■ **Task**
Down to the last line, restate the records below word for word, dropping every image.

■ ■ ■ ■ ■ ■ ■

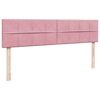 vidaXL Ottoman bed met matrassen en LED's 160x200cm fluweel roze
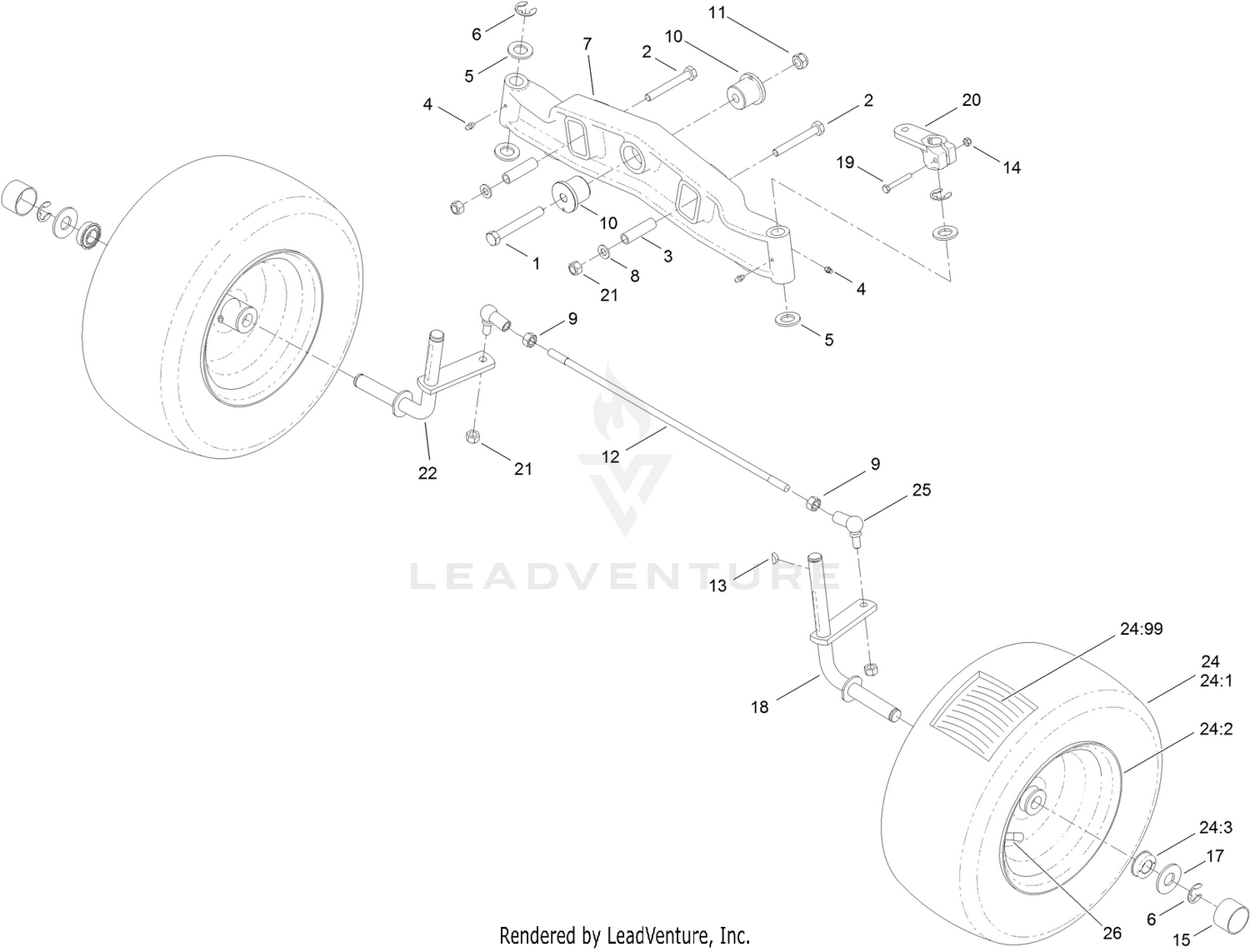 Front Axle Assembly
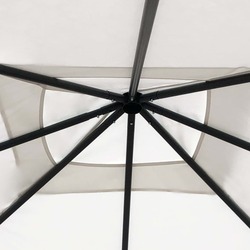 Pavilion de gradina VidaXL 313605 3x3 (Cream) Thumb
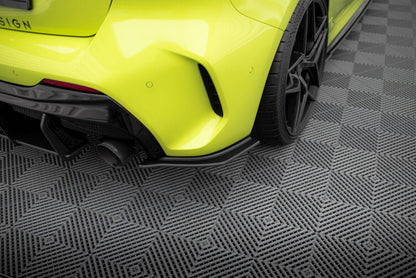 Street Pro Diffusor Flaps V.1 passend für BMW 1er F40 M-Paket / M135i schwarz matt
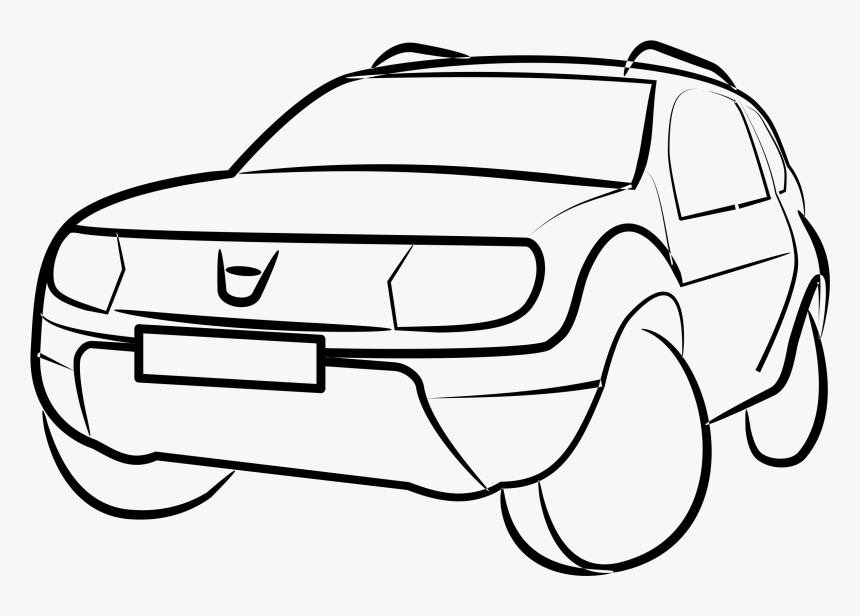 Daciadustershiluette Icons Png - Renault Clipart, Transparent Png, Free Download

■ ■ ■ ■ ■ ■ ■

■ **Answer to the problem**
 vidaXL Ottoman bed met matrassen en LED's 160x200cm fluweel roze
 Front Axle Assembly
 Pavilion de gradina VidaXL 313605 3x3 (Cream) Thumb
 Street Pro Diffusor Flaps V.1 passend für BMW 1er F40 M-Paket / M135i schwarz matt
 Daciadustershiluette Icons Png - Renault Clipart, Transparent Png, Free Download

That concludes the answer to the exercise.